Published in Business Day, 25 November 2011

‘The nuclear path will compound centralisation and elitism, and necessitate importing skilled foreign labour’

The Koeberg nuclear power station near Cape Town

No plan, nowhere to put it - for over thirty years, Eskom has been stacking up high-level nuclear waste, that will be dangerous for thousands of years, in Koeberg.

IS SA about to multiply and repeat the R40bn arms-deal debacle that has haunted our politics for more than a decade? The government’s decision to invest more than R1-trillion in six nuclear reactors — the equivalent of 30 arms deals — risks being a disaster for our fraying governance as well as for the economy. The amounts of money involved in the nuclear deal are an obvious magnet for corruption; the security risks inherent in the technology offer a million more excuses for secrecy.

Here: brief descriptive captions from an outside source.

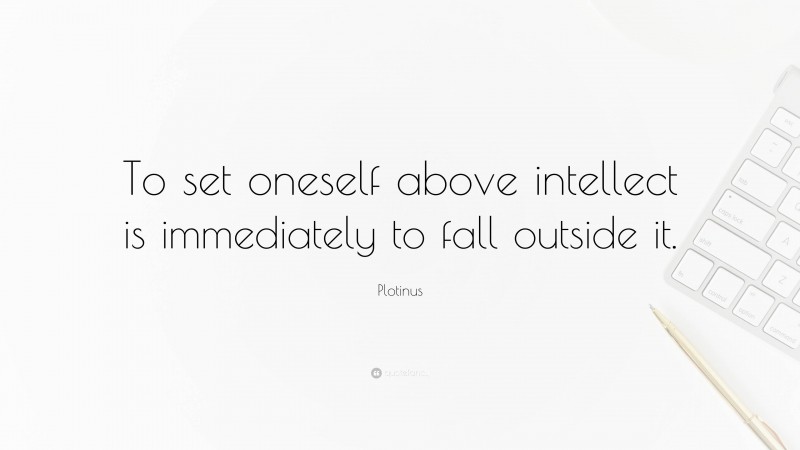Plotinus Quote: “To set oneself above intellect is immediately to fall outside it.”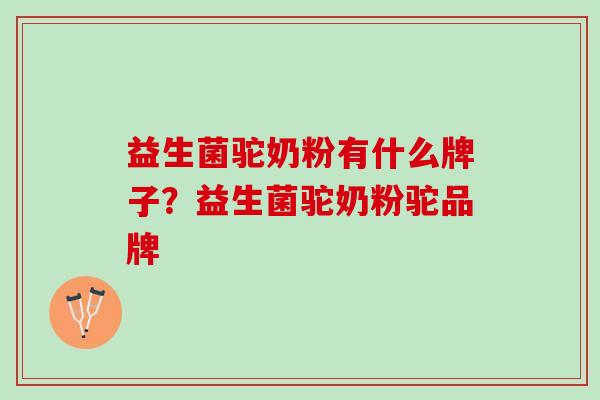 益生菌驼奶粉有什么牌子？益生菌驼奶粉驼品牌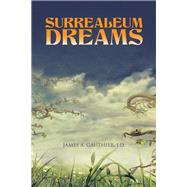 Surrealeum Dreams by Gauthier, James A., 9781490739199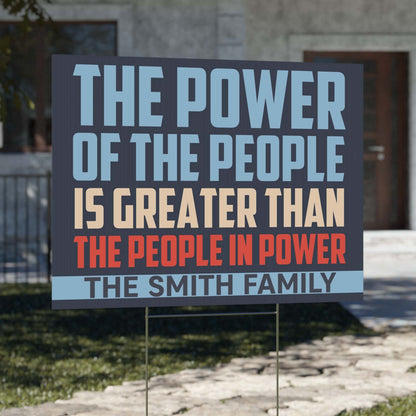 The Power Of The People Yard Sign – Personalized 8647 Anti Trump Protest Lawn Display, Custom Political Message Sign 682198
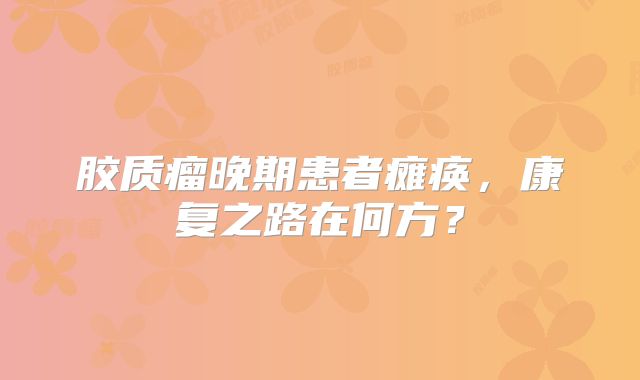 胶质瘤晚期患者瘫痪，康复之路在何方？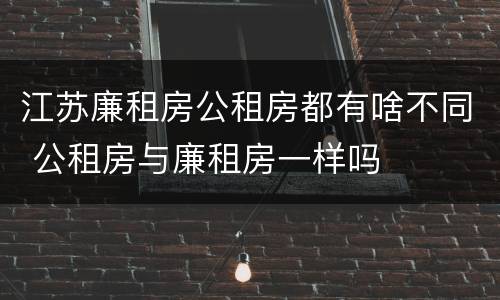 江苏廉租房公租房都有啥不同 公租房与廉租房一样吗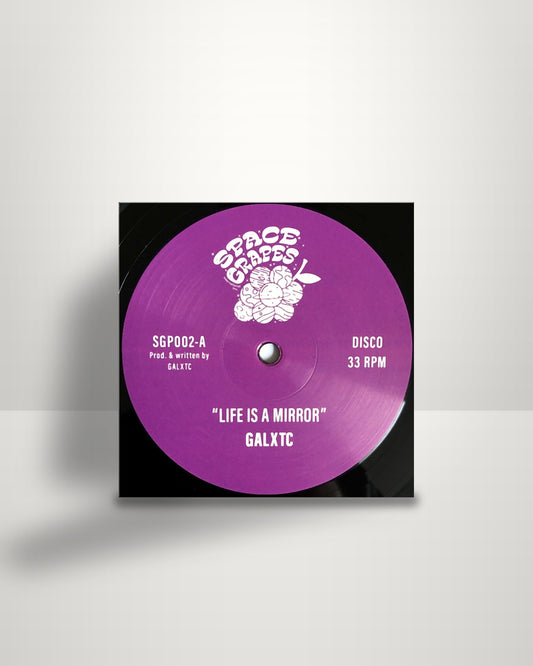 GALXTC – Life Is A Mirror - 12" - Space Grapes NL 2021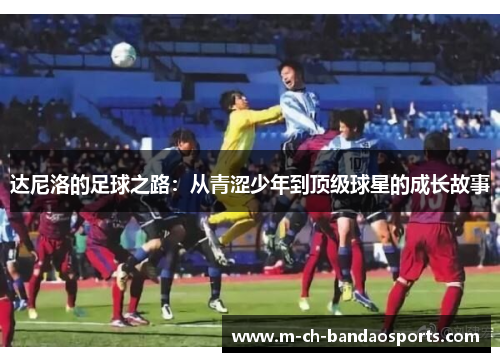 达尼洛的足球之路：从青涩少年到顶级球星的成长故事
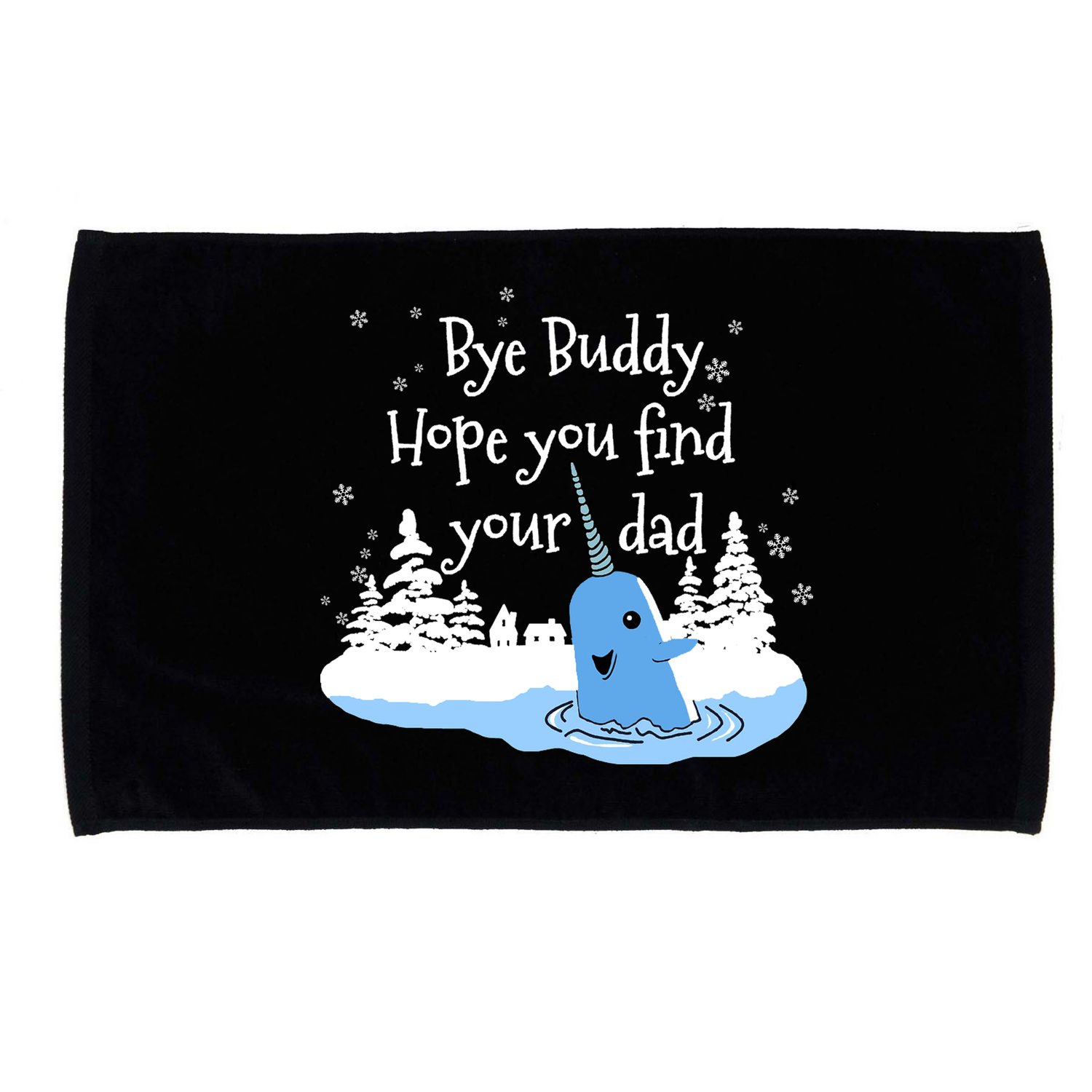 Bye Buddy Hope You Find Your Dad Microfiber Hand Towel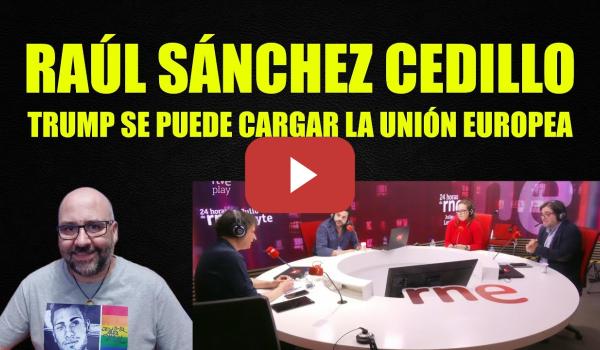 Embedded thumbnail for Raúl Sánchez Cedillo, Trump se puede cargar la Unión Europea.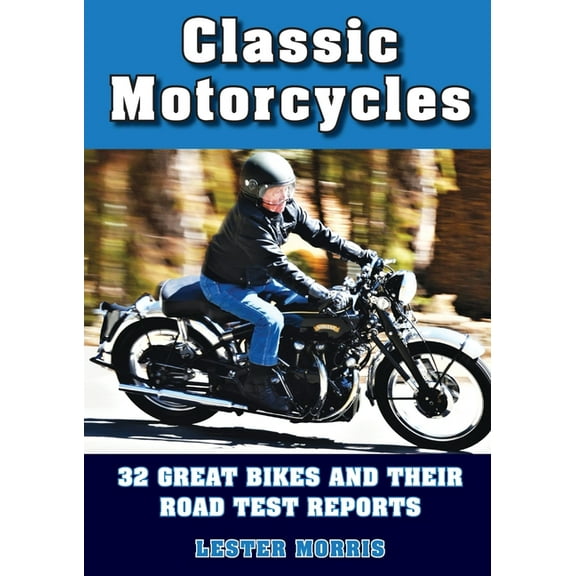 Classic Motorcycles: 32 great bikes and their road test reports, (Paperback)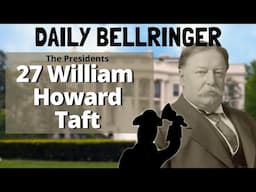 President William Howard Taft | DAILY BELLRINGER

The nuclear decision is justified by the conventional wisdom that we need infrastructure-intensive economic development to meet “the needs of our people”, that economic development demands economic growth, and economic growth demands huge power stations. Some consider it to be a necessary low-carbon alternative: South Africans are mostly unaware of the technological revolution unfolding globally in the renewable energy sector.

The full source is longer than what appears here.